RicherMans / SAT

Streaming Audiotransformers for online Audio tagging
GNU General Public License v3.0
41 stars 4 forks source link

nan mAP when training #2

Closed SteveTanggithub closed 1 year ago

SteveTanggithub commented 1 year ago

Sry for bothering u again. i have run the MAE pretraining and SAT training like u said in README, but i got "nan" result of mAP like below. My balanced train data is about 12000 audios and eval data is about 7000 audios. Did i miss something important settings? Or something maybe go wrong? Like i should set the pretrain "pt" checkpoint i got? image

RicherMans commented 1 year ago

Hey, can you provide some more information about the issue, like what config are you using and what model is the teacher?

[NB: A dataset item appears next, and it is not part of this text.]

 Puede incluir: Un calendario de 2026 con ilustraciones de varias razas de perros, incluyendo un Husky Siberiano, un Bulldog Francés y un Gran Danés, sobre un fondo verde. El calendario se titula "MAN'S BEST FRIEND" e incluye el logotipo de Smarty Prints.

Did MAE pretraining work ? Did you use your pretrained mAE to initialize the model?

I would guess from your log is that the mAP is NaN because of your data, if there are some labels not being present.

SteveTanggithub commented 1 year ago

i just use the mae_tiny.yaml for pretrain MAE and balanced_sat_2_2s.yaml for SAT training. i got pretrained pt like below. image do i need change the pretrained MAE path below? image And i provide pretrain log and train log: SAT_train.log

pretrain.log About the data, here are label csvs: eval.csv balanced.csv Noticed that the numbers of labels in label csv is different from that in audio folders. (12794 of balanced audios and 7749 of eval audios)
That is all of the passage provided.